3.2.2. Présentation des données sous la forme de tableaux

Cette activité signifie l'assemblage organisé des informations qui permettent le cas échéant d’en tirer des conclusions. Malgré le fait qu'elle prenne généralement la forme d’un texte narratif, Miles et Huberman (2003) soulignent l’importance de la stratégie de visualisation des données et suggèrent de les regrouper autour de matrices et de figures descriptives et explicatives, selon le but de leur analyse. « Le recours aux tableaux ou à la production d’images, de métaphores aide le chercheur à établir des liens entre les catégories d’analyse. » (Savoie-Zajc, 2011, p. 138). C’est ce qui a été préconisé dans le cadre de cette recherche.

3.2.3. L'élaboration-vérification des conclusions : la création de sens

Cette activité mène au fait de dégager des significations pour expliquer les données présentées, de décider du sens des choses, de relever des régularités, des irrégularités, de déceler des tendances, et ce, dès la collecte des données, puis au moment de leur réduction et de leur présentation.
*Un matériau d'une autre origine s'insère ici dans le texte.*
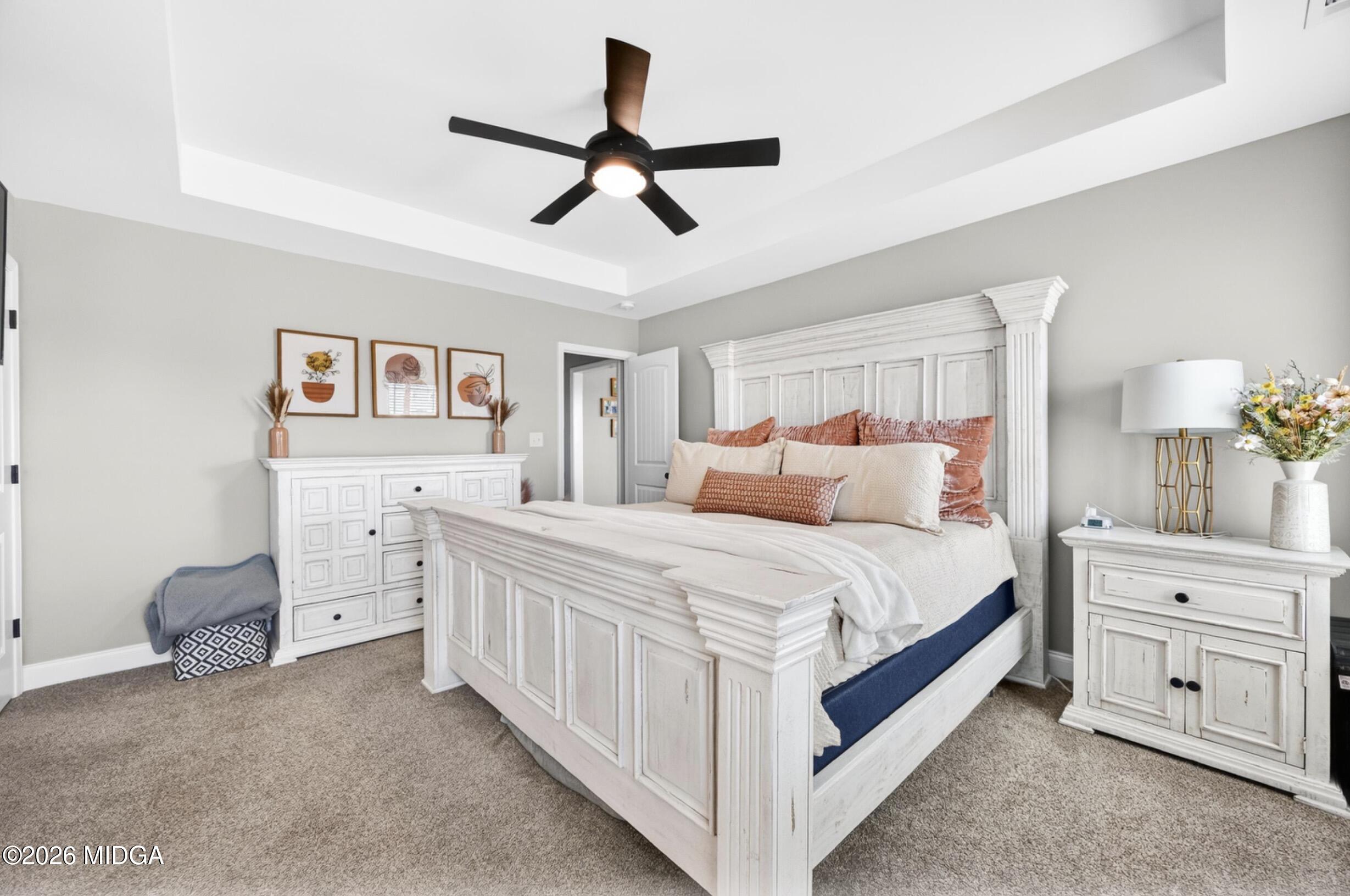 610 Daisy Drive Perry, GA 31069 - Photo 14 of 33 a bedroom with a bed and a chandelier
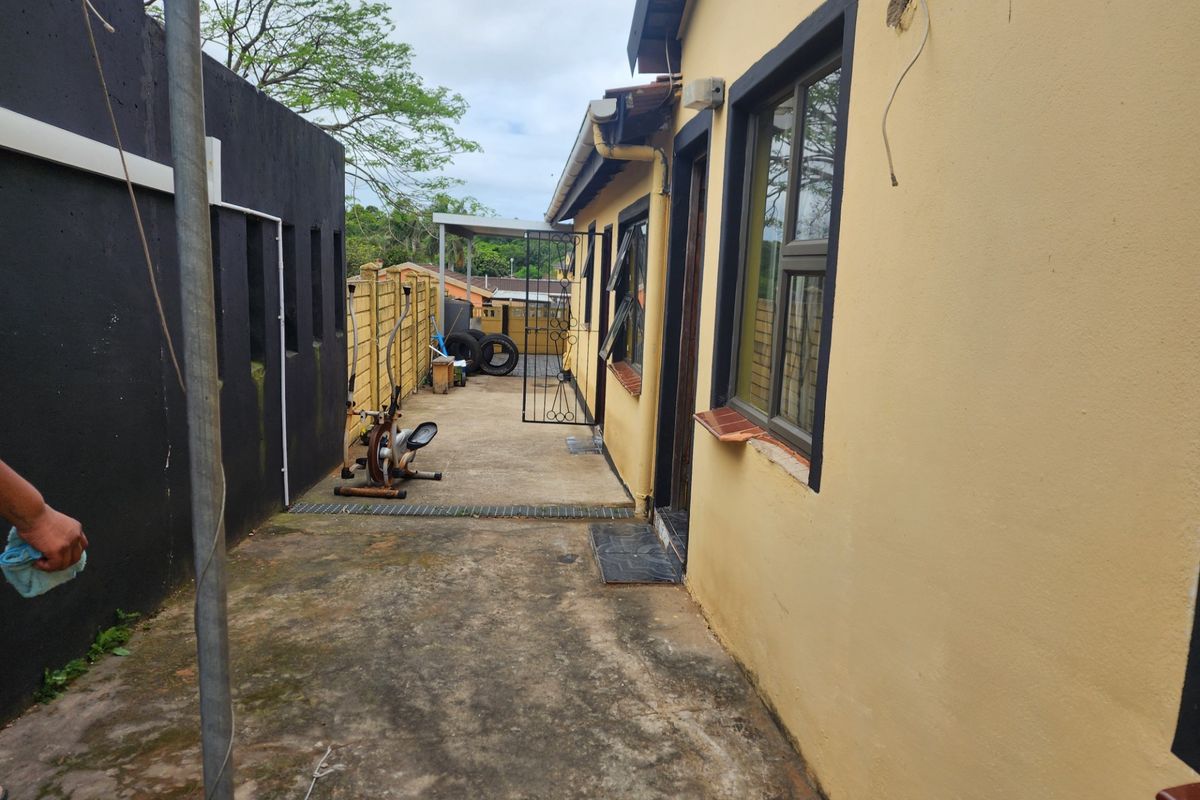 Rear exterior area featuring concrete paving, boundary walls, and access to the side of the house with aluminium window frames.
En définitive, « une fois que le chercheur a effectué les regroupements jugés

importants et constitué un schéma explicatif, il doit lui donner un sens. » (Savoie-Zajc, 2011, p. 139). À la phase d’interprétation, qui intervient au fur et à mesure de l’analyse, s’ajoute la vérification des conclusions quant à leur vraisemblance, leur rigueur et leur conformité, en un mot leur validité.

3.2.4. Miles et Huberman : un modèle d’analyse interactif et itératif 75

Quoique la méthode qualitative par une approche inductive admette un certain nombre de choix subjectifs à différentes étapes du processus de recherche, le constant retour aux participants pendant les activités de collecte des données aura sûrement permis d’objectiver la démarche de coconstruction des savoirs expérientiels. Les jeunes ont exprimé à plusieurs reprises leur satisfaction d’être ainsi consultés.